Numa rua qualquer de Lisboa o senhor perdido ia tacteando os grãos de tinta da parede. Com as calças feitas num farrapo, os sapatos com um furo em cada dedão, e os atacadores com dois centímetros de comprimento avançava lento sentindo as pedras da calçada na sola dos pés.
Perdera-se faz muito tempo entre os labirintos infinitos da sua mente, enquanto tentava encontrar lógica na morte.
Trazia sempre como que um animal de estimação, amarrado na cintura, o seu carrinho de compras que um dia roubara numa cadeia de mercado moribunda. Dentro do carro tinha toda a sua vida, um album de recordações onde guardava, com todas as suas forças, as lembranças da sua infância e do que outrora chamou de família. Os seus três filhos, a sua falecida mulher e todos aqueles momentos em que se lhe pôde ver um sorriso no canto dos lábios.
Trazia também, um estimado colchão, uma almofada feita de farrapos que por vezes usava para se lavar, e a telefonia que já não tocava faz dez anos, e se mantinha sintonizada na estação onde todos os dias ouvia as canções que o embalavam no pequeno almoço.
O carro já ia na sua quarta revisão, cada uma requeria troca integral de rolamentos, desempanamento do eixo da frente e um novo estofo para o volante.
As suas pernas já não eram como d'antes e por vezes deixava-se dormir, debaixo de uma ombreira de porta ou de um parapeito de escada, até ter genica para se pôr de pé.
O ritual das manhãs era sempre o mesmo, dobrar o colchão e a almofada juntos, retirar o garrafão, que utilizava para lavar as mãos e a cara, do carro e prende-lo entre os joelhos enquanto entornava a água nas mãos em forma de concha e as levava, com delicadeza, às faces, retirar um pedaço de pão do saco, com alguma sorte um iogurte que conseguira no dia anterior, e levar à boca para enganar a fome, repor todos os items meticulosamente no carro e lançar-se na aventura da imensa Lisboa.

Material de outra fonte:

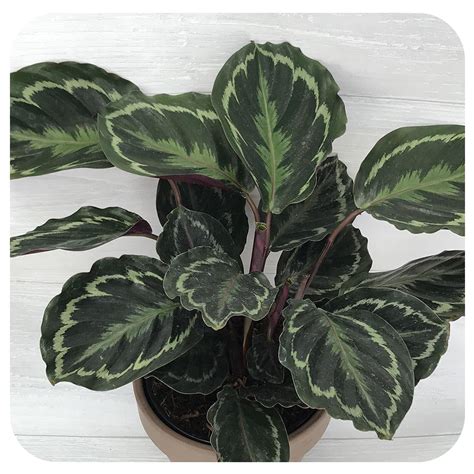 Calathea Medallion - Davenport Garden Centre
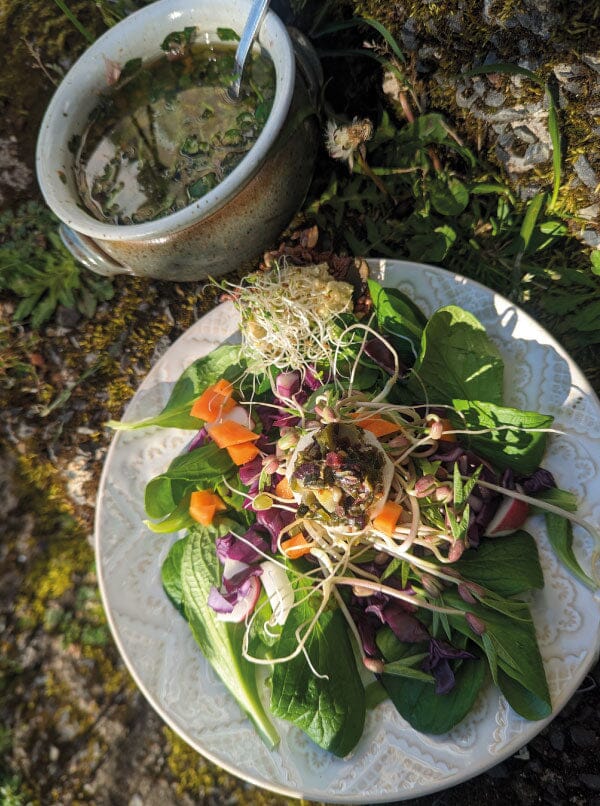 Week-end Détox - 1 place pour une Chambre partagée séjour Greez 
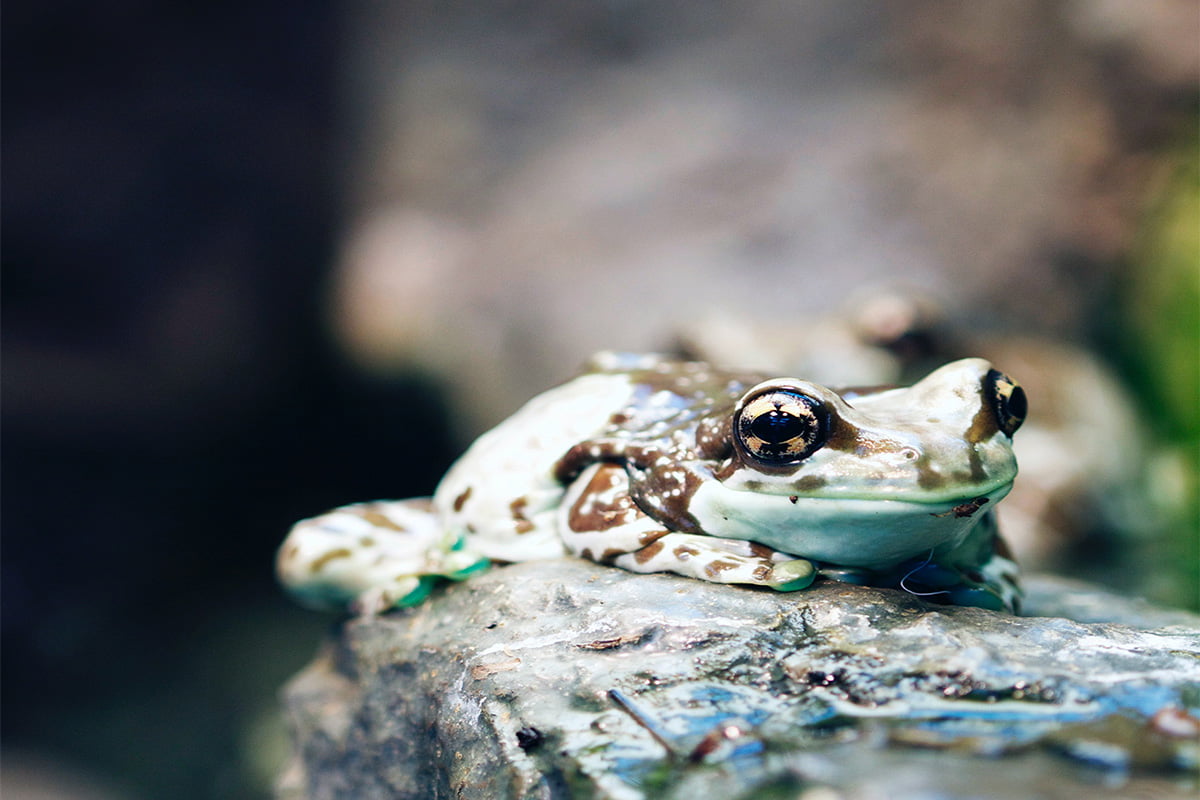 What Do Frogs Eat? The Pet Staff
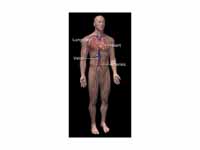 Diagram of the human circulatory syst...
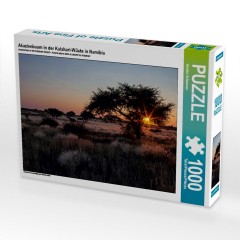 CALVENDO Puzzle CALVENDO Puzzle Akazienbaum in der Kalahari-Wuste in Namibia Пазл CALVENDO Puzzle Дерево акации в пустыне Калахари в Намибии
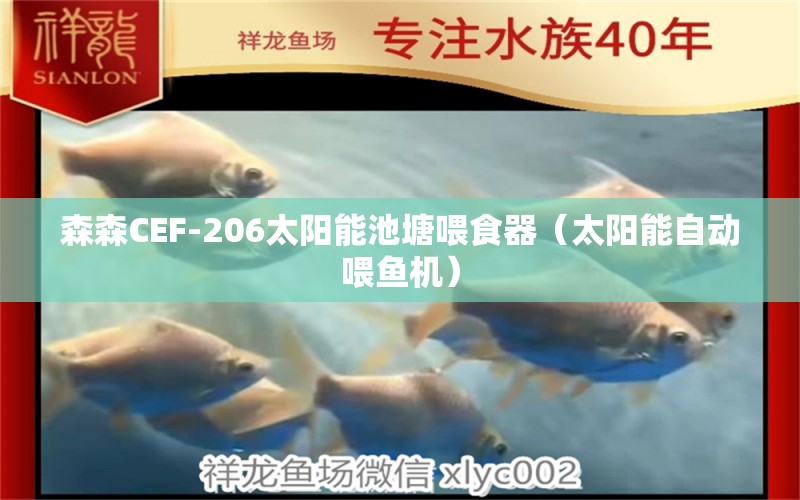 森森CEF-206太陽能池塘喂食器（太陽能自動喂魚機）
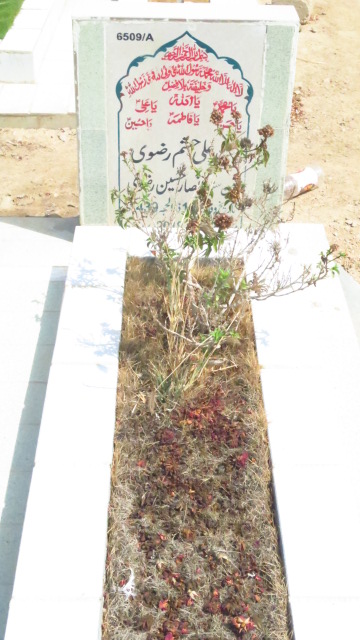 16509 – Syed Ali Hasham Rizvi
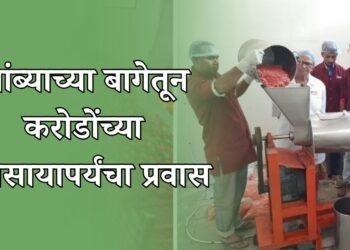 आंब्याच्या बागेतून करोडोंच्या व्यवसायापर्यंत प्रेरणादायी प्रवास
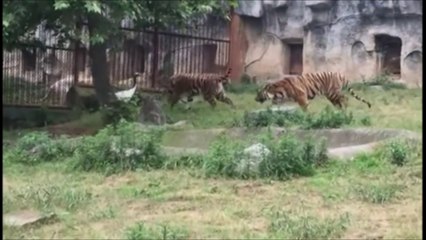 Un oiseau tient tête à 3 tigres... Courageux!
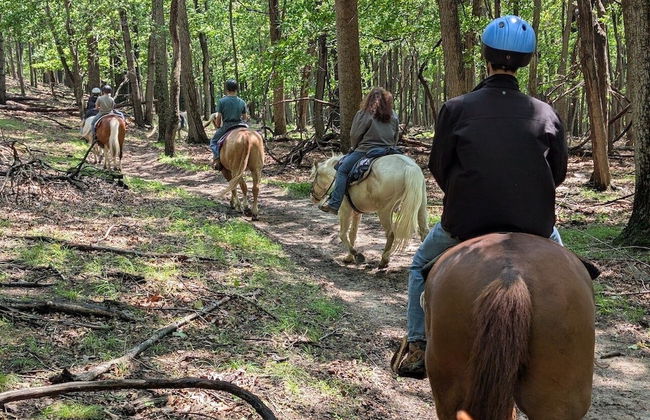 View Haven - Amazing View - Foto 14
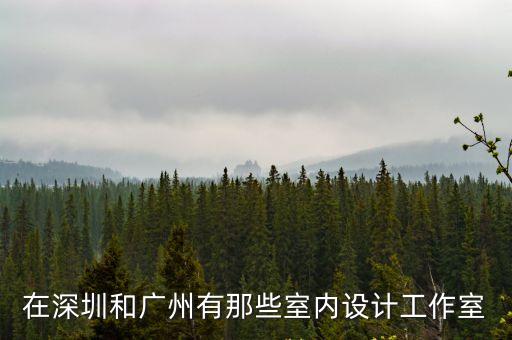 在深圳和廣州有那些室內(nèi)設(shè)計(jì)工作室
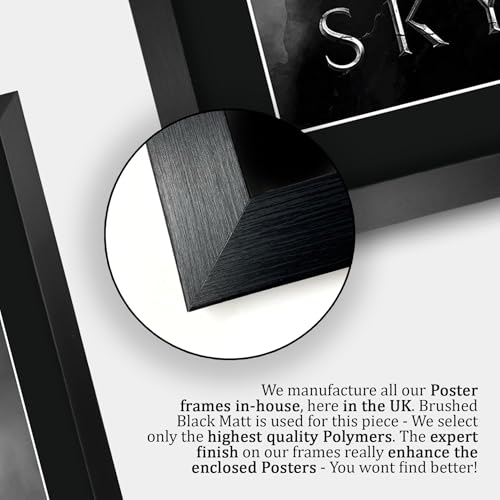 Cadre Skyrim autographe signé A3 poster sous verre déco gaming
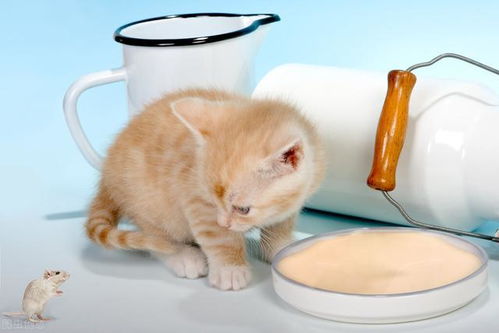 猫一天喝多少水比较合适 怎么促进猫咪喝水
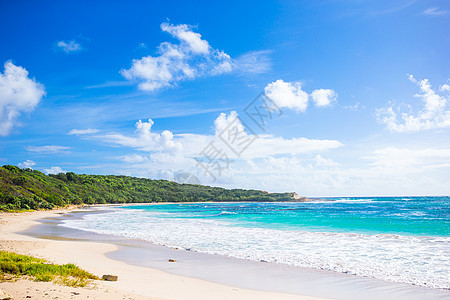 加勒比有白色沙滩 绿绿海海水和蓝天空的长发热带热带海滩 自然图片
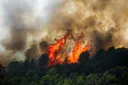 UN urges greater investment in wildfire prevention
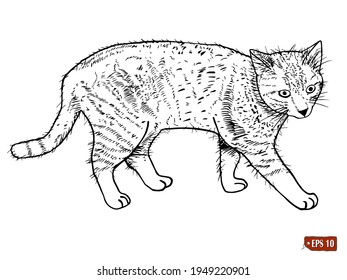 Sketch of a realistic portrait of the ginger striped cat. Hand drawn vector illustration of a realistic portrait of the ginger cat on white background. Tattoo, element for design.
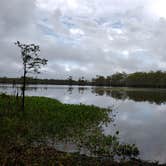 Review photo of Lake Fausse Pointe State Park Campground by Dion B., September 20, 2021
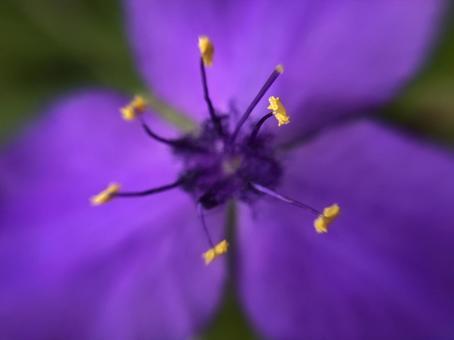 紫の花のアップ 紫の花のアップの写真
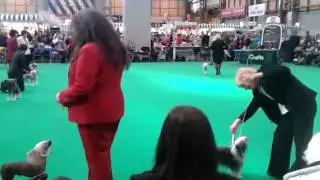 limit dog crufts   2014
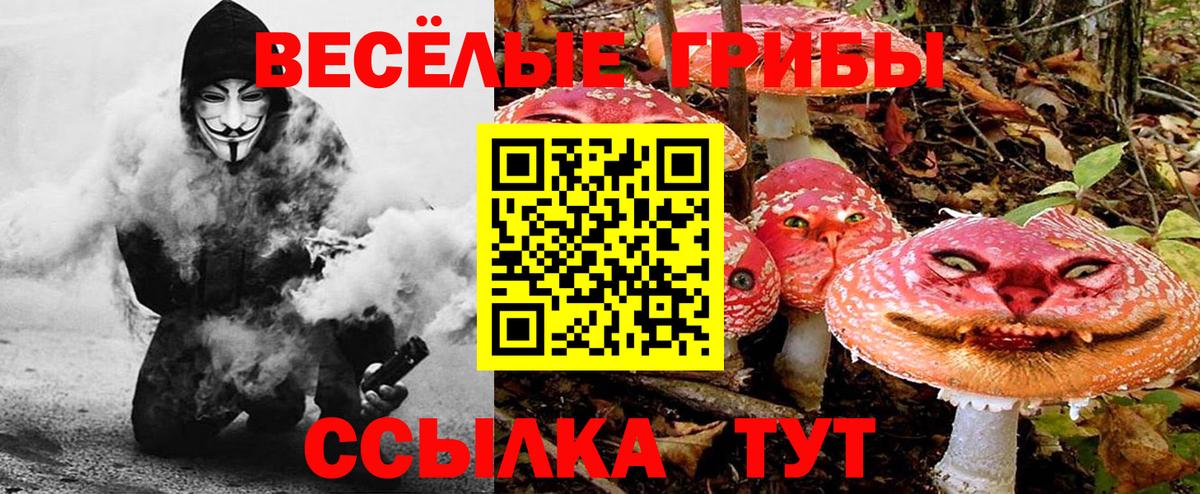 Галлюциногенные грибы Psilocybe Воскресенск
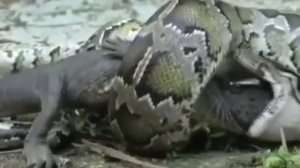 Анаконда против Крокодила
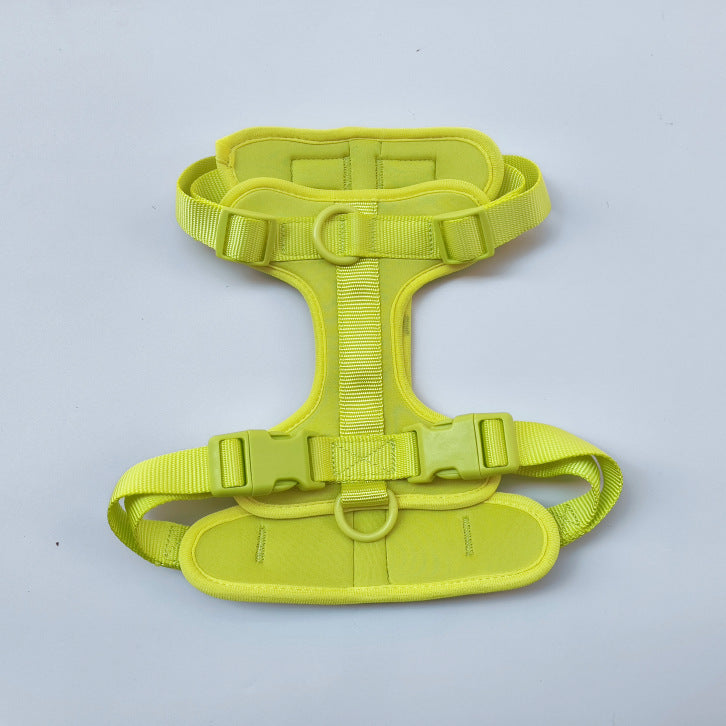 PVC dog harness lead and collar set in bright colours, main product photo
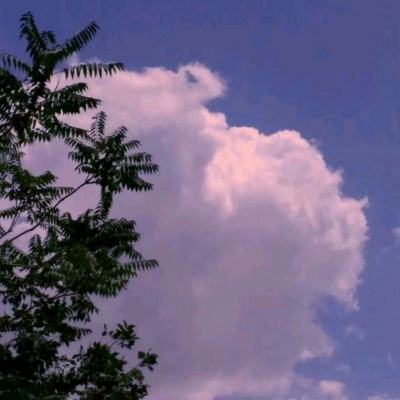 放置毒将满v版下载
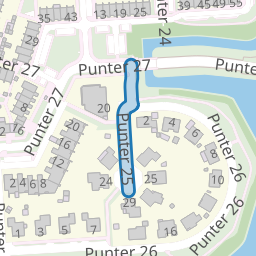 Punter 25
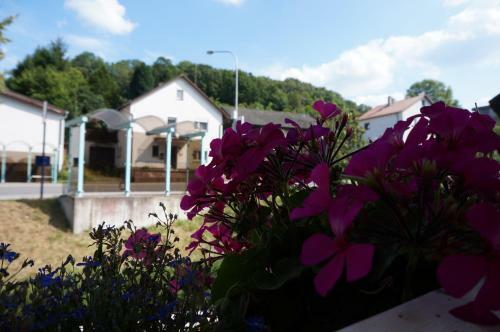 Apartamento Die Sch�nste Unterkunft Im Odenwald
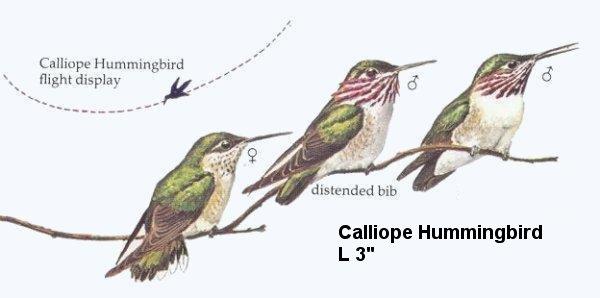 Calliope Hummingbird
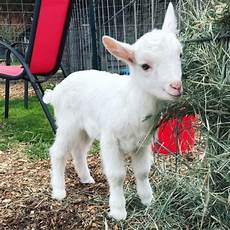 Goat Milk Baby Biscuit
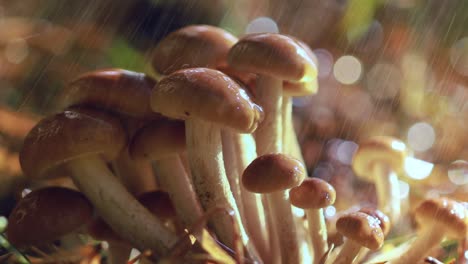 Armillaria-Mushrooms-of-honey-agaric-In-a-Sunny-forest-in-the-rain.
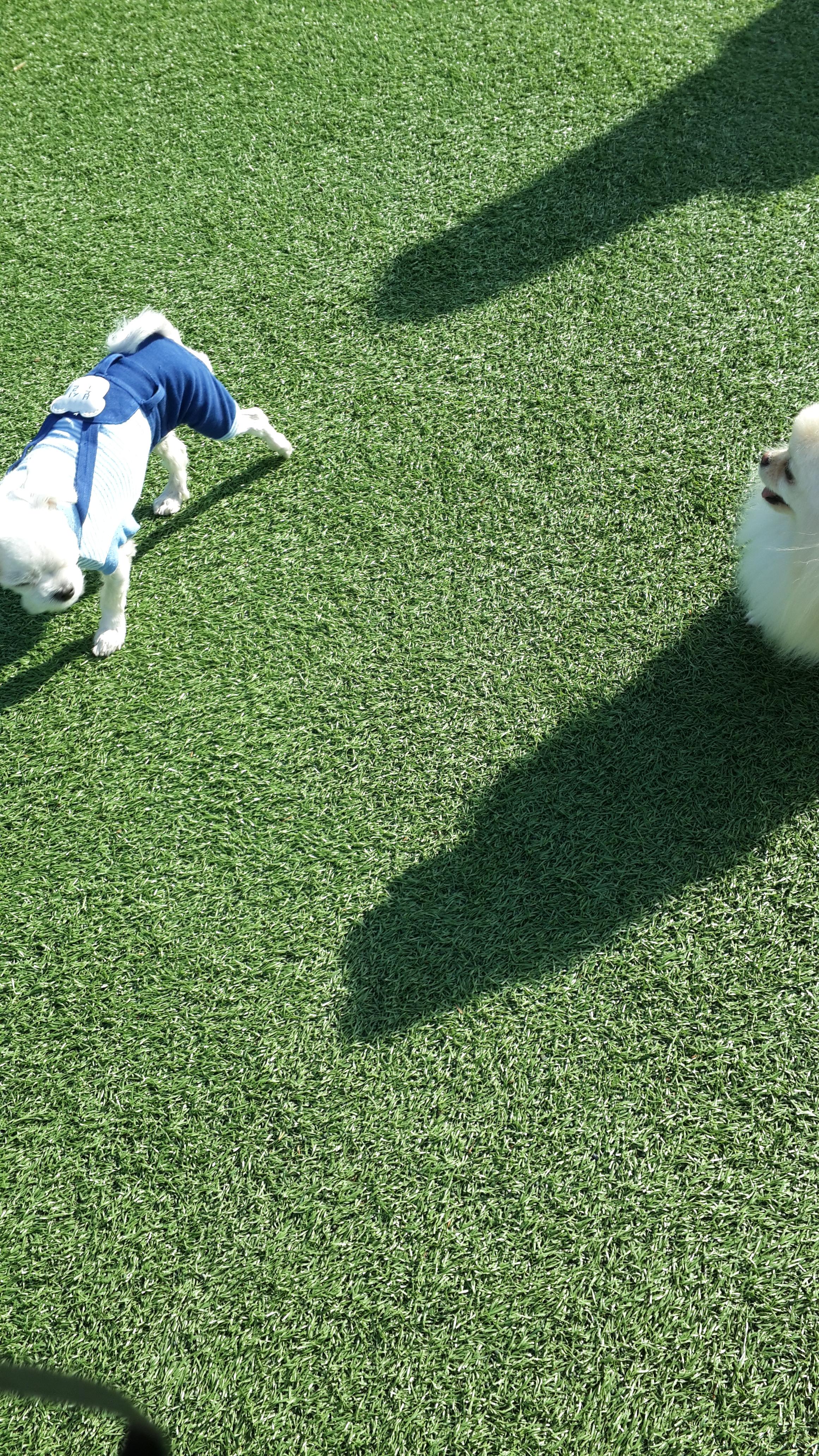 강아지가 싫어하는 행동 : 싫어하는 행동 23가지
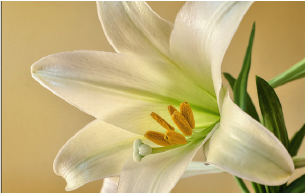 White Memorial Presbyterian Church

Tinha um trabalho sujo, que lhe ocupava maior parte do dia, encontrar e recolher corações partidos das ruas da cidade, trabalho que fazia com gosto e apresso, nunca se negando, ainda que por vezes o corpo o não deixasse, a baixar-se e esgueirar o braço para dentro de uma sarjeta onde a maior parte dos cacos iam parar. Normalmente encontrava-os sozinhos, partidos ou arrancados por uma das partes, alguns até com buracos ou espicaçados, por vezes conseguia encontra-los aos pares, mas era raro, mais raro era encontrar as duas metades do mesmo coração no mesmo dia, acontecera-lhe uma vez.
Por habito recolhia-os para dentro de um saco de serapilheira, que atava no fim do dia com uma corda. No dia seguinte, logo pela alvorada, transportava-os para o "Centro de recuperação de corações partidos" onde os deixava ao cuidado de uma amiga que conhecera no dia em que tentou encontrar a logica na morte.